Image source: Understanding Natural Language Understanding
See paperswithcode and nlpprogress for bigger taxonomy of tasks.
Getting started
I'm not an expert in machine learning (yet), but I know something about developer experience, so I will show how to get started with NLP fast and comfortably.
We will use:
- Docker
- Jupyter notebooks
- Python with spaCy
There are a lot of tools in this field, but those seem to me as approachable and modern.
Setup
Create Dockerfile
:
FROM jupyter/datascience-notebook:1386e2046833
RUN pip install spacy
RUN python -m spacy download en_core_web_sm
We will use awesome Jupyter Docker Stacks.
Add docker-compose.yml
:
version: "3"
services:
web:
build: .
ports:
- "8888:8888"
volumes:
- ./work:/home/jovyan/work
Run
Run (in the terminal, in the same folder where you created files):
docker-compose up
This command will download, build and start development environment. You will see text
To access the notebook, copy and paste one of these URLs:
http://127.0.0.1:8888/?token=...
- Open the URL in a browser
- Navigate to "work" folder
- Click "New" in the right top corner, select "Python 3" from the dropdown
Your notebook is ready for work.
Jupyter notebook is the mix of a runtime environment for experiments and a scientific journal.
First experiment: POS
POS stands for part-of-speech tagging - we need to identify parts for speech for each word, for the given text, for example, noun, verb.
import spacy
from spacy import displacy
nlp = spacy.load("en_core_web_sm")
doc1 = nlp(u"This is a sentence.")
displacy.render([doc1], style="dep", page=True)

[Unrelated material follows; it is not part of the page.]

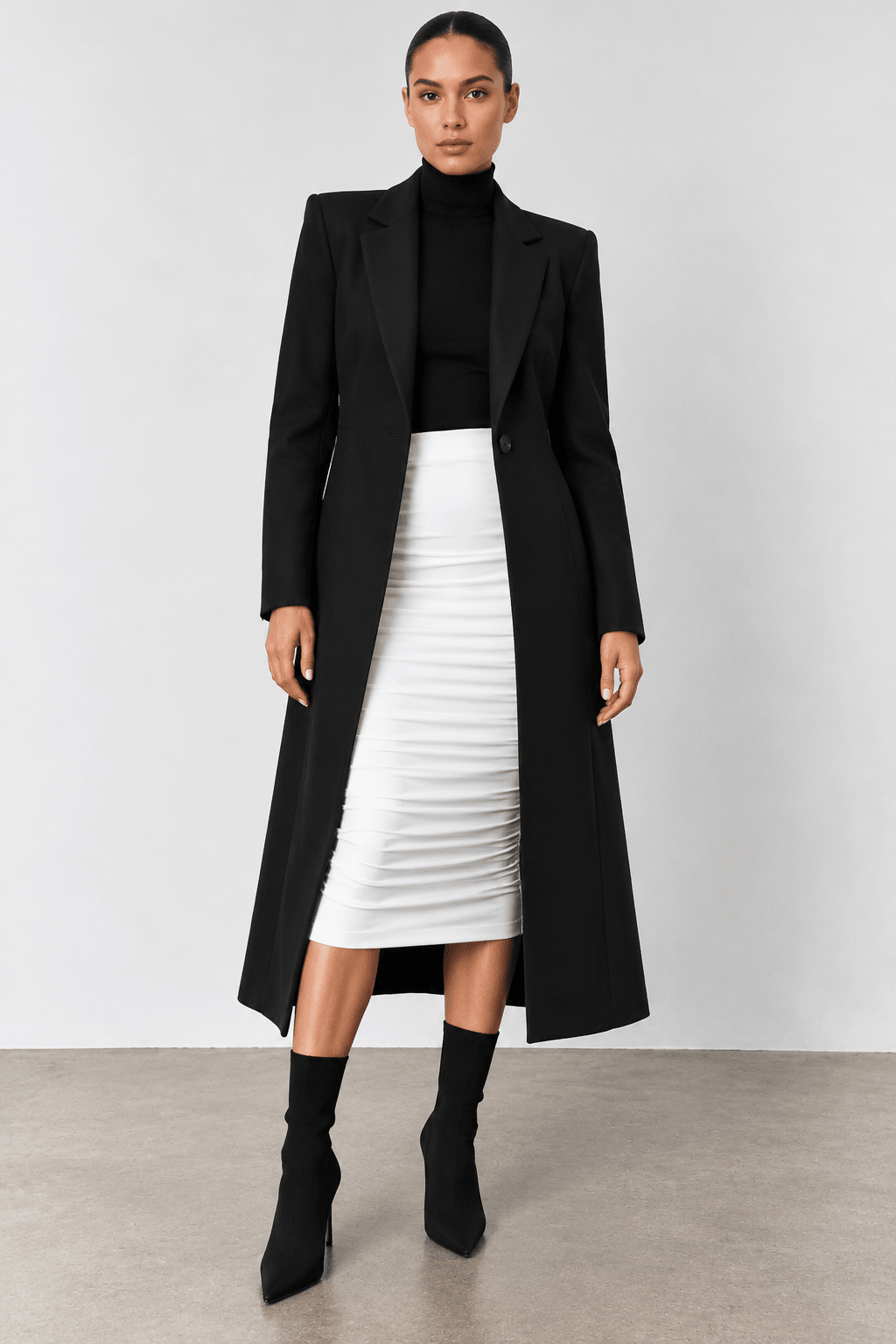 Ruched Midi Skirt - EMMYDEVEAUX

Type in the program and click "Run".
Second experiment: NER
NER stands for named entity recognition. This task is about distinguishing specific entities, for example, people names, which consist of more than one part (Siddhartha Gautama), or country name (U.K.), or amount of money (\$1 billion).
import spacy
from spacy import displacy
text = u"When Sebastian Thrun started working on self-driving cars at Google in 2007, few people outside of the company took him seriously."
nlp = spacy.load("en_core_web_sm")
doc = nlp(text)
displacy.render(doc, style="ent")
Type in the program and click "Run".
Here is the list of all entity types.
Save your work
Rename your notebook (click "Untitled") to something more meaningful, for example, "experiments". Click the "Save" button.
Create .gitignore
file:
work/.ipynb_checkpoints
Run (in the terminal, in the same folder where you created files):
git init
git add .
git commit -m "first commit"
Now you saved your work in the git.
Tutorial
The purpose of those experiments was to show how it is easy to get started. If you want actually learn it you can use this tutorial.
Good luck!
PS
Checkout spaCy universe for more cool projects. spaCy is just one of the tools, you can use any alternative you like, for example, nltk, Stanford CoreNLP, etc.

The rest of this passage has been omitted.